**Excerpted data:**

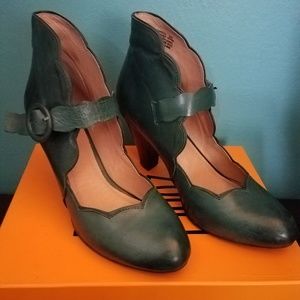 Miz Mooz Carissa size 9(40) in teal.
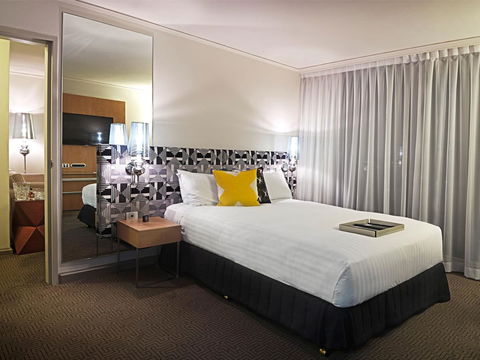 QT Canberra - Tourism Cairns 8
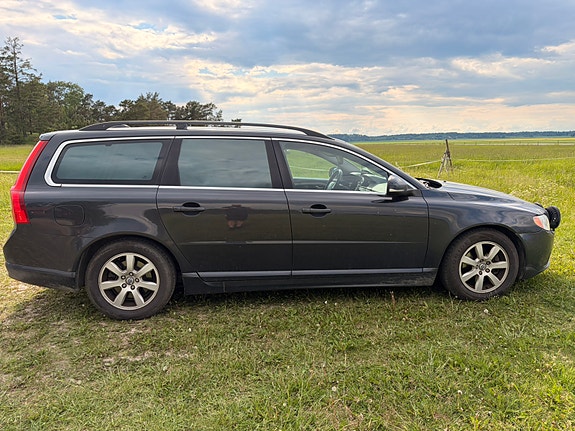 Volvo V70 2 of 5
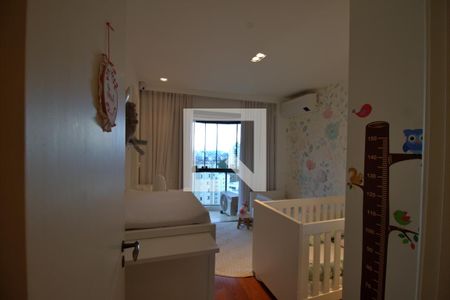 Apartamento à venda com 235m², 3 quartos e 4 vagasSuíte 1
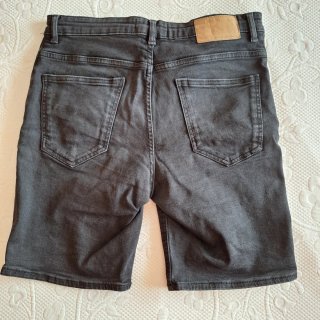 Pantalón corto vaquero Pull&Bear negro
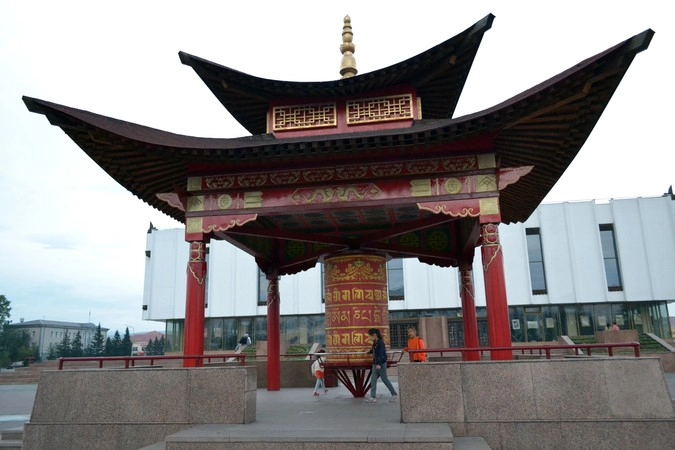  Ом мани падме хум. Сочетание молитвы и физических нагрузок.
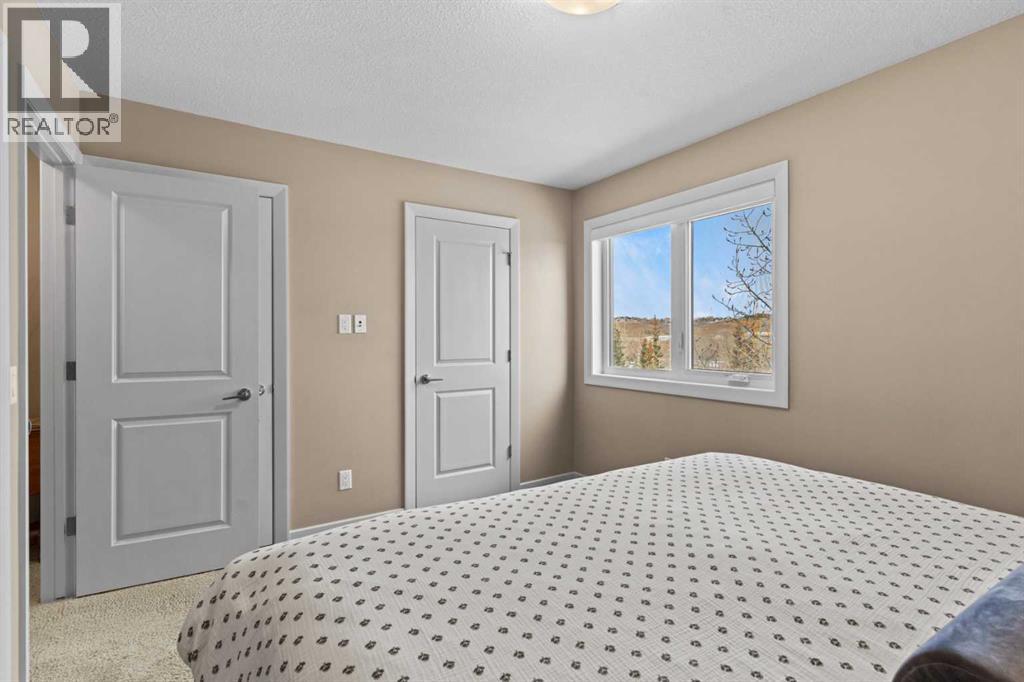403 Valley Ridge Manor Nw, Calgary, Alberta  T3B 6C4 - Photo 32 - A2283372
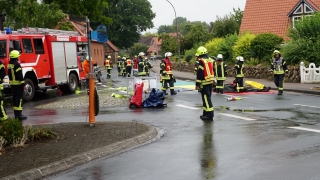 Einsatzkräfte an der Einsatzstelle.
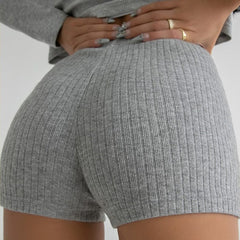 Weiche Shorts mit geripptem High Rise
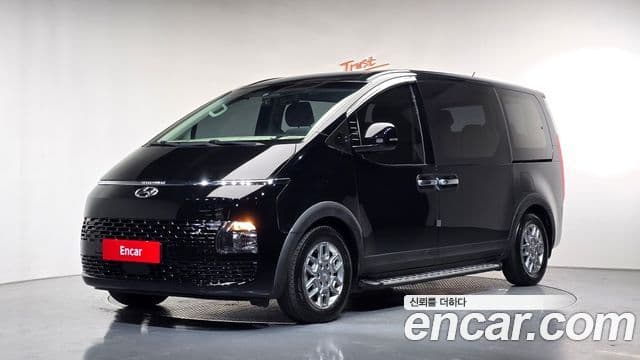 Staria Tourer 11 locuri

**Task goal:** Write out exactly the lines from the one containing "Weiche Shorts mit geripptem High Rise" through the end of the entries, both included. Pictures are not copied.

**Exercise response:**
 Weiche Shorts mit geripptem High Rise
 Staria Tourer 11 locuri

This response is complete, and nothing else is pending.